**REQUIREMENT**
Each entry is to be retyped exactly as it appears, and each image is to be dropped.

**SUPPLIED MATERIAL**
►

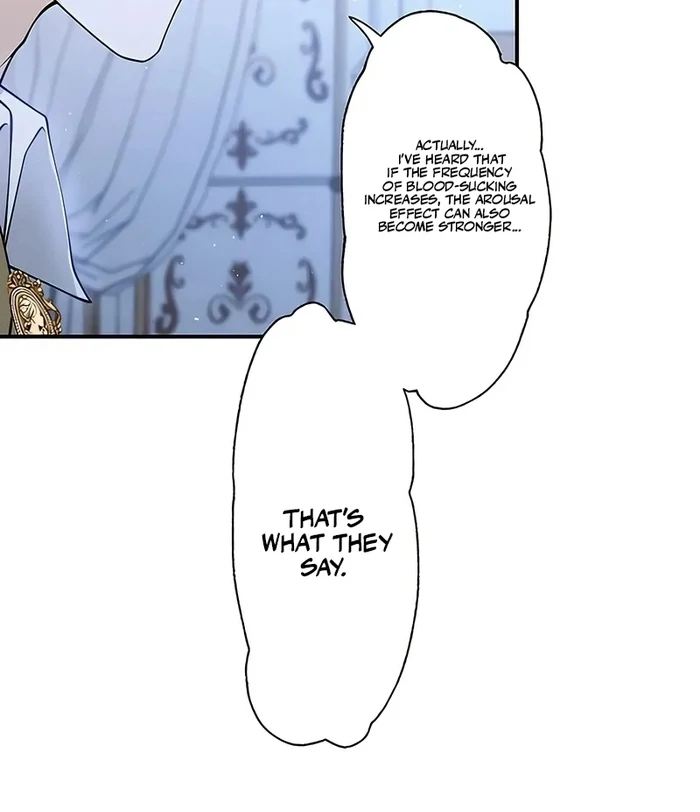 ch 12 39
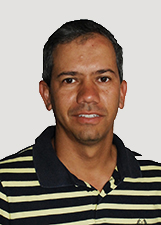 Foto de FABIO HENRIQUE DA SILVA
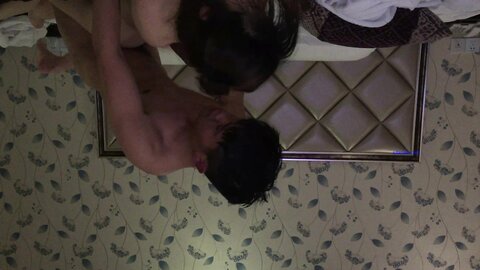 2016 05 27 152800 New Boutique Video Inverted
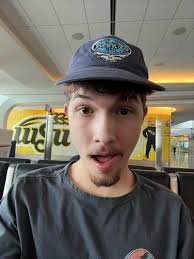 Hey all, looking to come to truck fest for the first time this year and  will be coming alone. Would be nice to join a group and get to know some  people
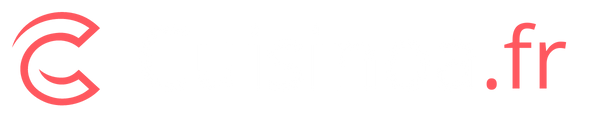 Cuisinoa.fr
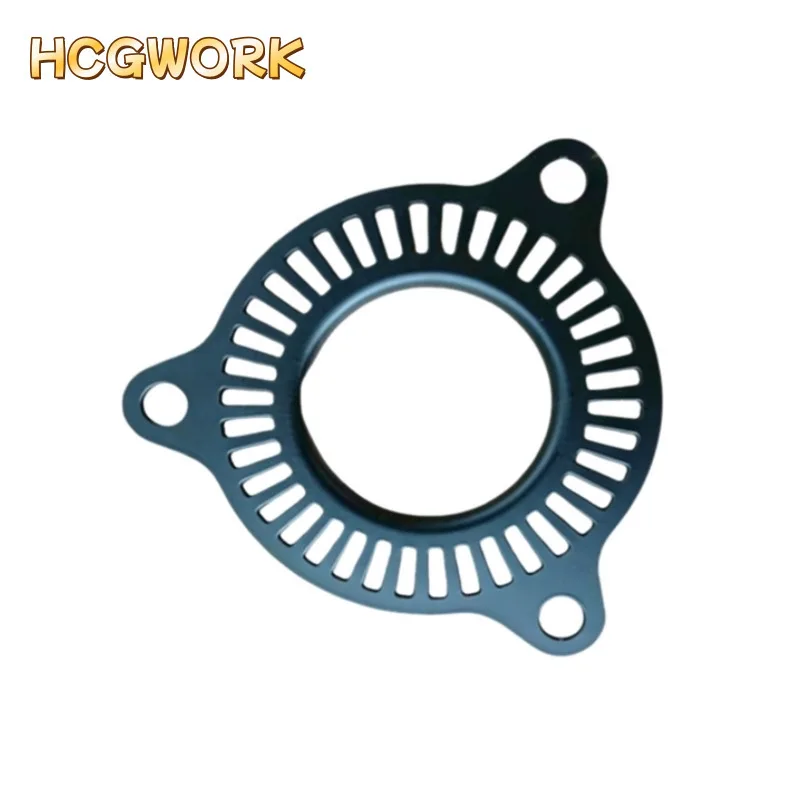 Заднее кольцо шестерни 38T для Zongshen Cyclone RC401 SR400GS-2 RG3
Заднее кольцо шестерни 38T для Zongshen Cyclone RC401 SR400GS-2 RG3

◄

**EXERCISE ANSWER**
 ch 12 39
 Foto de FABIO HENRIQUE DA SILVA
 2016 05 27 152800 New Boutique Video Inverted
 Hey all, looking to come to truck fest for the first time this year and  will be coming alone. Would be nice to join a group and get to know some  people
 Cuisinoa.fr
 Заднее кольцо шестерни 38T для Zongshen Cyclone RC401 SR400GS-2 RG3
Заднее кольцо шестерни 38T для Zongshen Cyclone RC401 SR400GS-2 RG3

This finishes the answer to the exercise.